In addition to the direct modulation of cellular physiology by limiting oxidative stress and inflammation, there is another pathway through which melatonin may program future health: epigenetic modifications. By modifying the methylation of the DNA molecule around a specific gene or through histone acetylation processes, melatonin makes a change in the structure of the chromatin that will interfere with its capacity to be transcribed. The epigenetic mechanisms are reversible, transmissible, and adaptative and are regulated in part by the oxidative status of the cells. In fact, reactive oxygen species can interact with transcription factors and modify DNA methyltransferase and histone functions. They can promote alterations in DNA with subsequent methylation or interactions with the histone structure that result in changes in genetic expression.

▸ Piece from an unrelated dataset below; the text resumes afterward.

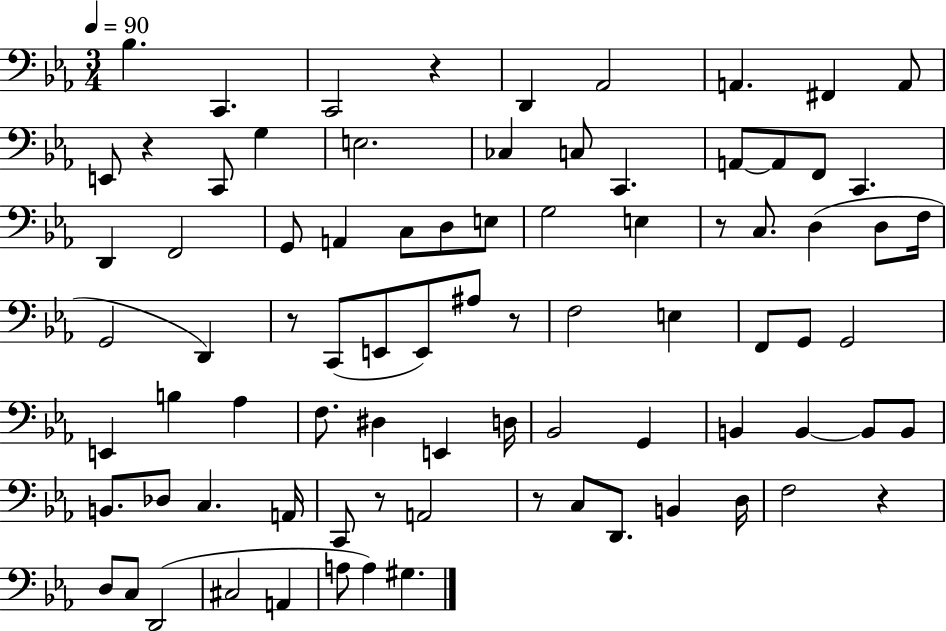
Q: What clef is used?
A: bass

Therefore, molecules with powerful antioxidant capacities, such as melatonin, can protect against these changes and their long-term consequences [81]. By regulating oxidation, melatonin can indirectly regulate methylation. Melatonin has been shown to act via its MT1 receptor and the NFkB pathway, resulting in the hypermethylation of its receptor MT1 promotor and histone acetylation [82].
Therefore, melatonin is a high-performing antioxidant in vivo and can act as an epigenetic modifier. The intake through breastfeeding seems to be important for the infant.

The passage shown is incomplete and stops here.